Sometimes mindless sex is just mindless

I had junk food sex with Jekyll a few nights ago. A mid-afternoon phone call fuelled by hungry libidos saw us an hour later having a quick-to-consume, tasty yet ultimately unfulfilling fuck in the passenger seat of his car.

Apparently I wanted a lot more but didn’t realise it until I was driving home and felt a twinge of the Why did I do thats? I had launched myself a little too hard at Jekyll:  his seat was reclined, his pants were caught in the brake pedal and his cock was in my mouth barely after saying hello. He reciprocated with an aggressive hand down my pants spreading the damp patch in my underwear.

Between the phone call and hook-up we exchanged a few messages about progressing the fisting of my vagina, however, carnality won the war over finesse.

The removal of our shoes and pants occurred with speedy precision (we have knotted our legs together like denim snakes enough times to know that no one makes a move until all legs move freely, regardless of the need to screw at that very second. I don’t remember teenage messing with boys in cars being so tricky, but perhaps we were all shorter then and the best old cars had bench seats).

I bolstered a leg against the door into a V to steady the approaching Jekyll as we manoeuvred limbs and torsos into a workable position with him on top of me. One of my arms gripped the driver’s seat on one side and the other clung to the handle above the rear window that seems to serve no purpose except hang onto when trying to fuck like old-age teens in motor vehicles (and hang dry cleaning, I guess).

He grinded his cock into my pelvis until I wanted to kill him and he (unknown to me at the time) was close to coming. He slipped inside my flooded cunt and hit a strapping rhythm. I had a spare leg not doing much so I wrapped both of them around his legs to secure him so he didn’t hit his head on the roof.

Within 30 seconds he was close to coming and stopped while inside me for some recovery time. He was ready to finish and I was only just ramping up. My vaginal muscles tremored involuntarily – as they are prone to do when they’re excited – and he groaned in orgasm.

Shit.

He laughed that I shouldn’t have flexed my muscles.

Hey, buddy, I was after a solid pounding that would make me bow-legged for a week; I hardly think I made my pussy do the rumba intentionally.

Shit.

The glowing lime of the dashboard clock said there was not enough time for me to come before he had to leave.
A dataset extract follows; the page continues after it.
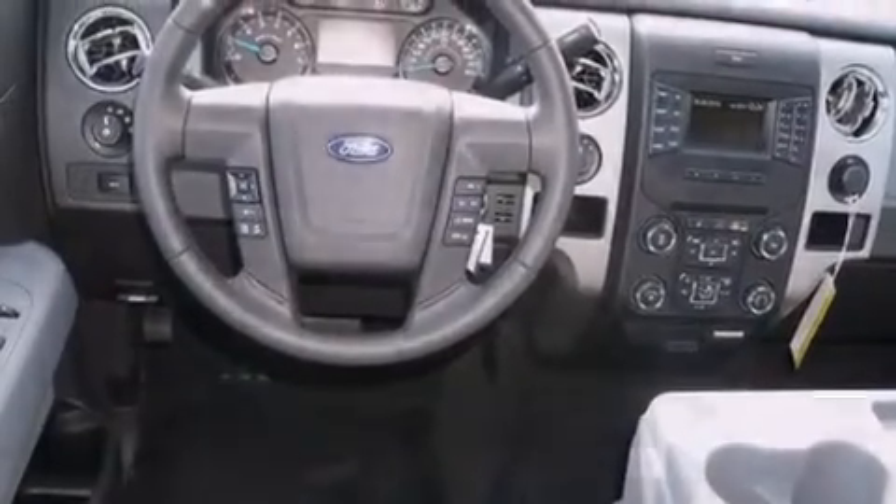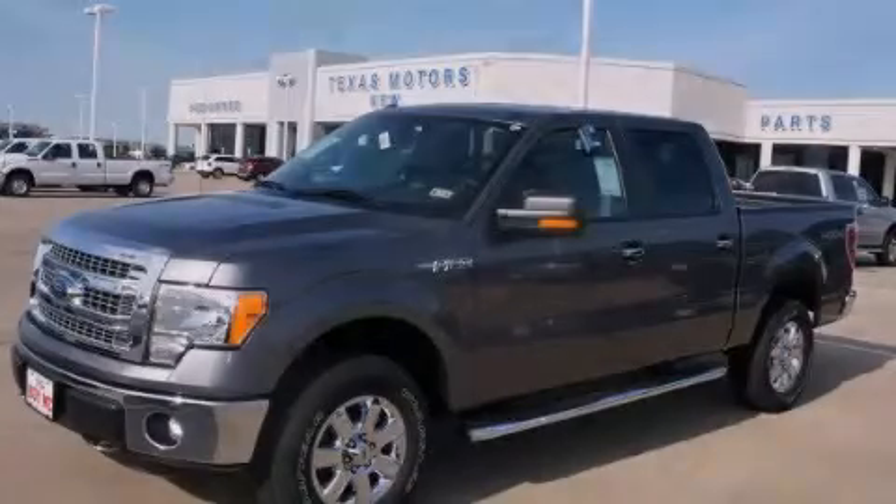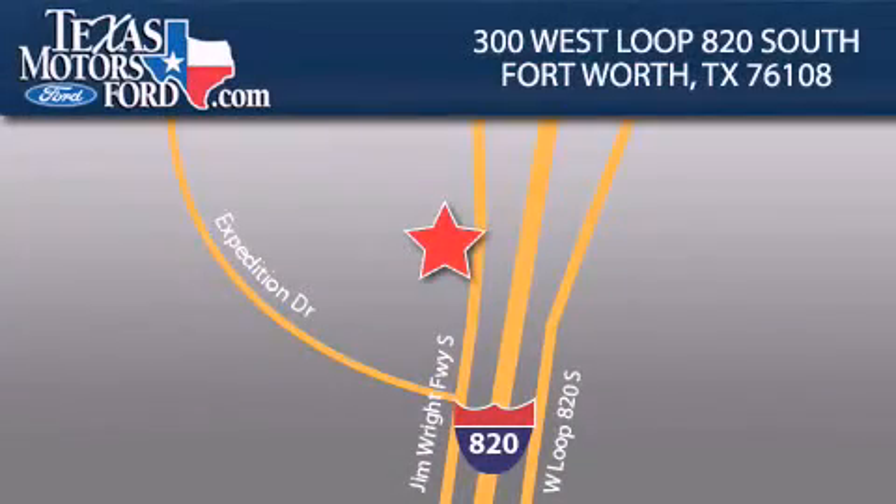Contact us today and schedule your opportunity to see this vehicle in person. Texas Motors Ford is located at 300 West Loop 820 South in Fort Worth. Our goal is to exceed all of your expectations to ensure that you'll return for future visits.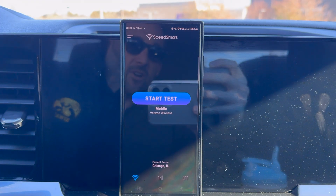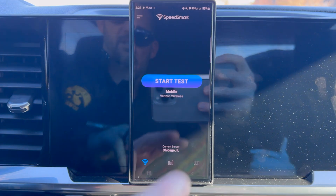All right, as mentioned, I am sitting in the parking lot of the Apple Store in Leawood, Kansas. Going to bring you a quick speed test to showcase T-Mobile 5G Ultra Capacity on the brand new iPhone 15 Pro Max versus Verizon 5G Ultra Wideband on the S23 Ultra. Here we go. First up, we have Verizon showing 5G Ultra Wideband.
We cleaned the mating smells off ourselves, replaced the squashed piles of clothing on our bodies and kissed goodbye. He left with a smile on his face and I pondered why I did something that left me hungrier than when I started.

4 thoughts on “Sometimes mindless sex is just mindless

  1. Hello, CW. Thanks for dropping by.

    I just scrolled down my front page and realised it’s full of fragmented attempts at organising and having nice sex. Must be that cycle of frustration that’s teaching me, I don’t know, patience or something equally useful ;).

  2. Well, the way to resolve this is simple. Call up Jekyll and meet up again. Have J-boy eat you out for a good ten or fifteen minutes, then have him fuck you.

    Maybe you could even make him wear three condoms, so that he can’t feel the warm essence of your sought-after vagina. Then he wouldn’t cum so easily, unless you really are that good.

  3. CHB, I am home from our latest adventures in the car. Oh. my. god. Brain full. Everything else full. Argh. Eeek. Ooooh. Ahhhh. Wow.